An interactive version of this guide can be accessed on Google Colab

A word before we get started…#


Although a beginner can follow along with this guide, it is primarily meant for people who have at least a basic knowledge of how Matplotlib’s plotting functionality works.

Essentially, if you know how to take 2 NumPy arrays and plot them (using an appropriate type of graph) on 2 different axes in a single figure and give it basic styling, you’re good to go for the purposes of this guide.

If you feel you need some introduction to basic Matplotlib plotting, here’s a great guide that can help you get a feel for introductory plotting using Matplotlib

From here on, I will be assuming that you have gained sufficient knowledge to follow along this guide.

Also, in order to save everyone’s time, I will keep my explanations short, terse and very much to the point, and sometimes leave it for the reader to interpret things (because that’s what I’ve done throughout this guide for myself anyway).

The primary driver in this whole exercise will be code and not text, and I encourage you to spin up a Jupyter notebook and type in and try out everything yourself to make the best use of this resource.

What this guide is and what it is not:#

This is not a guide about how to beautifully plot different kinds of data using Matplotlib, the internet is more than full of such tutorials by people who can explain it way better than I can.

This article attempts to explain the workings of some of the foundations of any plot you create using Matplotlib. We will mostly refrain from focusing on what data we are plotting and instead focus on the anatomy of our plots.

Setting up#

Matplotlib has many styles available, we can see the available options using:

plt.style.available
['seaborn-dark',
 'seaborn-darkgrid',
 'seaborn-ticks',
 'fivethirtyeight',
 'seaborn-whitegrid',
 'classic',
 '_classic_test',
 'fast',
 'seaborn-talk',
 'seaborn-dark-palette',
 'seaborn-bright',
 'seaborn-pastel',
 'grayscale',
 'seaborn-notebook',
 'ggplot',
 'seaborn-colorblind',
 'seaborn-muted',
 'seaborn',
 'Solarize_Light2',
 'seaborn-paper',
 'bmh',
 'tableau-colorblind10',
 'seaborn-white',
 'dark_background',
 'seaborn-poster',
 'seaborn-deep']

We shall use seaborn. This is done like so:

plt.style.use("seaborn")

Let’s get started!

# Creating some fake data for plotting
xs = np.linspace(0, 2 * np.pi, 400)
ys = np.sin(xs**2)

xc = np.linspace(0, 2 * np.pi, 600)
yc = np.cos(xc**2)

Exploration#

The usual way to create a plot using Matplotlib goes somewhat like this:

fig, ax = plt.subplots(2, 2, figsize=(16, 8))
# `Fig` is short for Figure. `ax` is short for Axes.
ax[0, 0].plot(xs, ys)
ax[1, 1].plot(xs, ys)
ax[0, 1].plot(xc, yc)
ax[1, 0].plot(xc, yc)
fig.suptitle("Basic plotting using Matplotlib")
plt.show()

png

Our goal today is to take apart the previous snippet of code and understand all of the underlying building blocks well enough so that we can use them separately and in a much more powerful way.

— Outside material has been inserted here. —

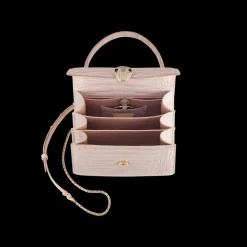 Serpenti Forever Top Handle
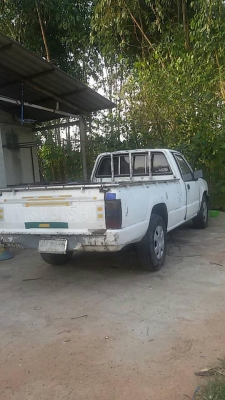 มิสซูบิชิ ไซคลน สภาพสวยราคาถูกๆ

If you’re a beginner like I was before writing this guide, let me assure you: this is all very simple stuff.

Going into plt.subplots documentation (hit Shift+Tab+Tab in a Jupyter notebook) reveals some of the other Matplotlib internals that it uses in order to give us the Figure and it’s Axes.

These include :

  1. plt.subplot
  2. plt.figure
  3. mpl.figure.Figure
  4. mpl.figure.Figure.add_subplot
  5. mpl.gridspec.GridSpec
  6. mpl.axes.Axes

Let’s try and figure out what these functions / classes do.

What is a Figure? And what are Axes?#

A Figure in Matplotlib is simply your main (imaginary) canvas. This is where you will be doing all your plotting / drawing / putting images and what not. This is the central object with which you will always be interacting. A figure has a size defined for it at the time of creation.

You can define a figure like so (both statements are equivalent):

fig = mpl.figure.Figure(figsize=(10, 10))
# OR
fig = plt.figure(figsize=(10, 10))

Notice the word imaginary above. What this means is that a Figure by itself does not have any place for you to plot. You need to attach/add an Axes to it to do any kind of plotting. You can put as many Axes objects as you want inside of any Figure you have created.

An Axes:

  1. Has a space (like a blank Page) where you can draw/plot data.
  2. A parent Figure
  3. Has properties stating where it will be placed inside it’s parent Figure.
  4. Has methods to draw/plot different kinds of data in different ways and add custom styles.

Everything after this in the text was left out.